Red Hocks müssen beim ungeschlagenen Rekordmeister ran

Wenn Tobias Hutter und die Red Hocks am Samstag in Weißenfels um Punkte kämpfen, wird Anssi Soini (links) nicht mehr dabei sein.    Foto: Finkenzeller

 

Kaufering - Die Ausgangsposition fürs kommende Wochenende könnte für die Bundesligafloorballer der Red Hocks Kaufering kaum schwerer sein. Mit null Punkten am Tabellenende, gastieren sie am kommenden Samstag ausgerechnet beim Spitzenreiter UHC Weißenfels. Ein Sieg käme deshalb wohl einer Sensation gleich.

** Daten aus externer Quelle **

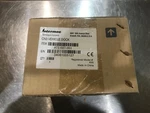Intermec CN3 Vehicle Dock 871-027-001. Fixed Price $35.00.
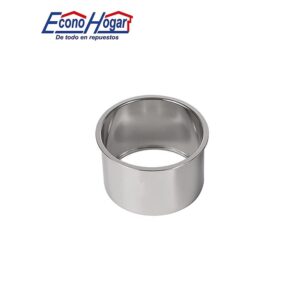 ARO DE CILINDRO COMPRESOR DE AIRE DEWALT D55146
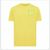 IQONIQ Sierra Lightweight T-Shirt aus recycelter Baumwolle (Bild 4)
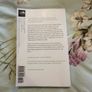 Gomorrah Book For Sale Image 2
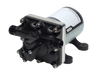 SHURFLO 4028-100-E54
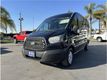 2016 Ford Transit 250 Van 250 MEDIUM ROOF CARGO RACKS BACK UP CAM 1OWNER - 22744311 - 27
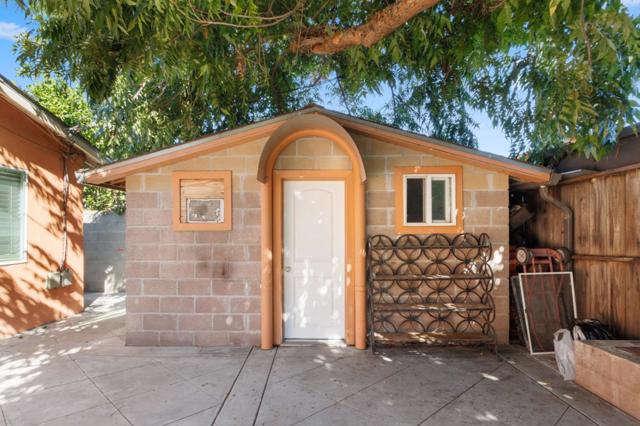 MLS #ML82025633 img 30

"Auf dem Papier haben wir schon vor dem Anpfiff verloren", meint Kapitän Marco Tobisch. "Das heißt aber auch: Egal, wie wir uns in Weißenfels anstellen, können wir nur gewinnen." Nach der Niederlage gegen Holzbüttgen sei zumindest das Tempo in den Trainings hoch gewesen. "Es ist zu spüren, dass jeder daran arbeiten will, dass wir uns gemeinsam aus dieser Lage befreien." Wenngleich die Motivation also vorhanden ist, macht die Statistik aber wenig Mut für einen Auswärtssieg. Erst einmal in sieben Jahren ist es den Red Hocks gelungen, den deutschen Rekordmeister zu schlagen. Dabei war man im vergangenen Jahr zweimal hauchdünn dran, denn in beiden Partien setzte sich der UHC denkbar knapp mit nur einem Tor Vorsprung durch.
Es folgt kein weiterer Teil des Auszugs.